● **EXERCISE**
Exclude the pictures and set down, unaltered, the lines from the one that holds "8JD514 Delaware License Plate" through the end of the data.

● **DATA SEGMENT**
********
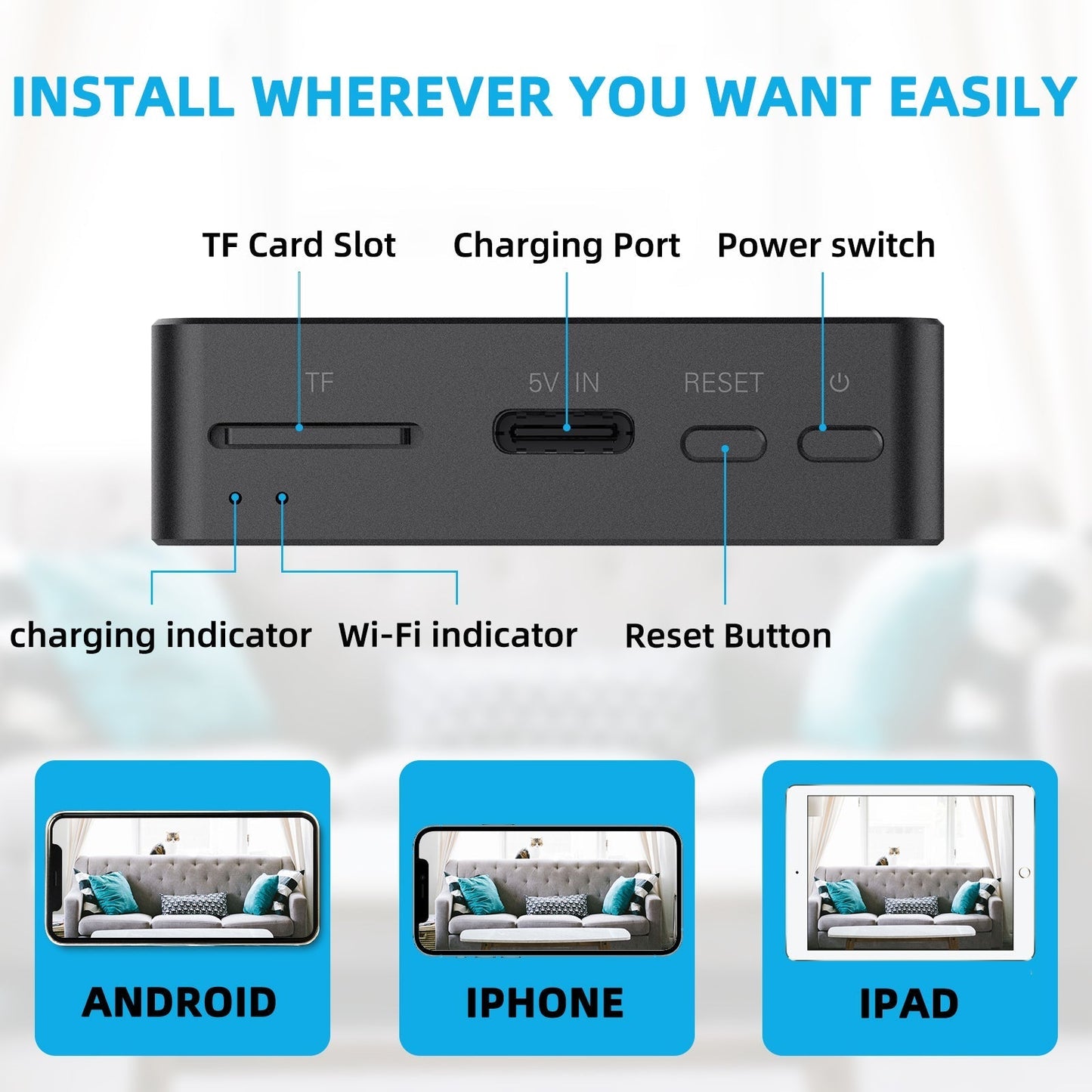 Prospys Wireless Small Home Camera with Motion Detection, Wireless APP Real Time View-M2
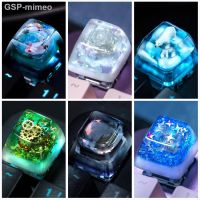 ♕Mimeo Resina Keycaps Teclado ไฟ RGB Backlit Rose Urso Polar Steampunk Engrenagem Pond Fish Koi Estrelas ESC 1ชิ้น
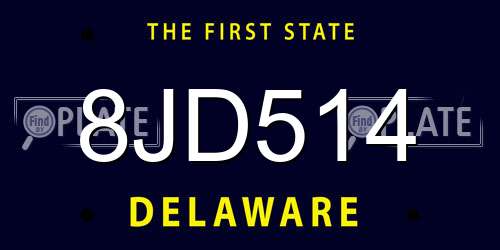 8JD514 Delaware License Plate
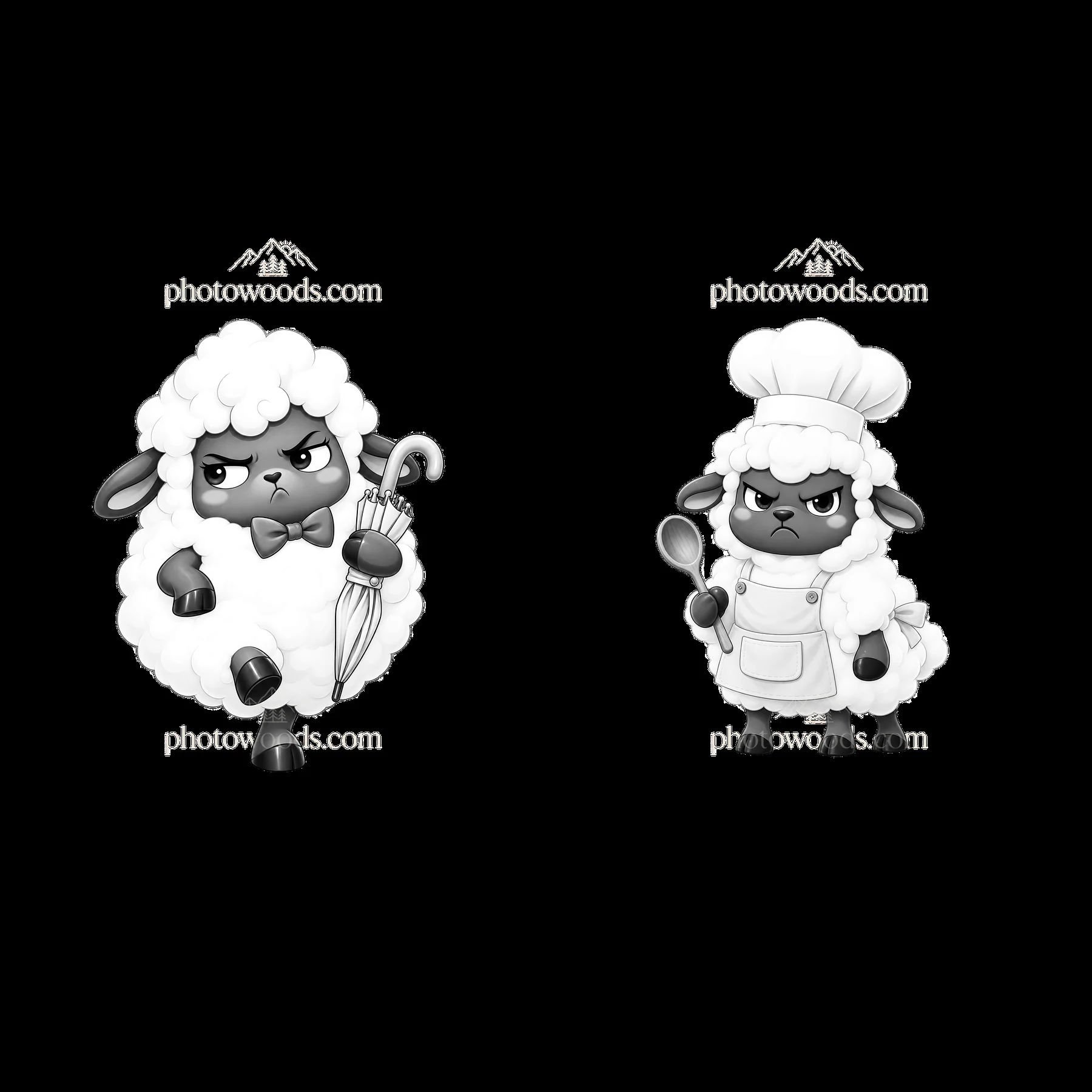 Kawaii grumpy sheep with umbrella and chef hat in monochrome - AI-generated stock image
********
● **SOLUTION FOR THIS EXERCISE**
 8JD514 Delaware License Plate
 Kawaii grumpy sheep with umbrella and chef hat in monochrome - AI-generated stock image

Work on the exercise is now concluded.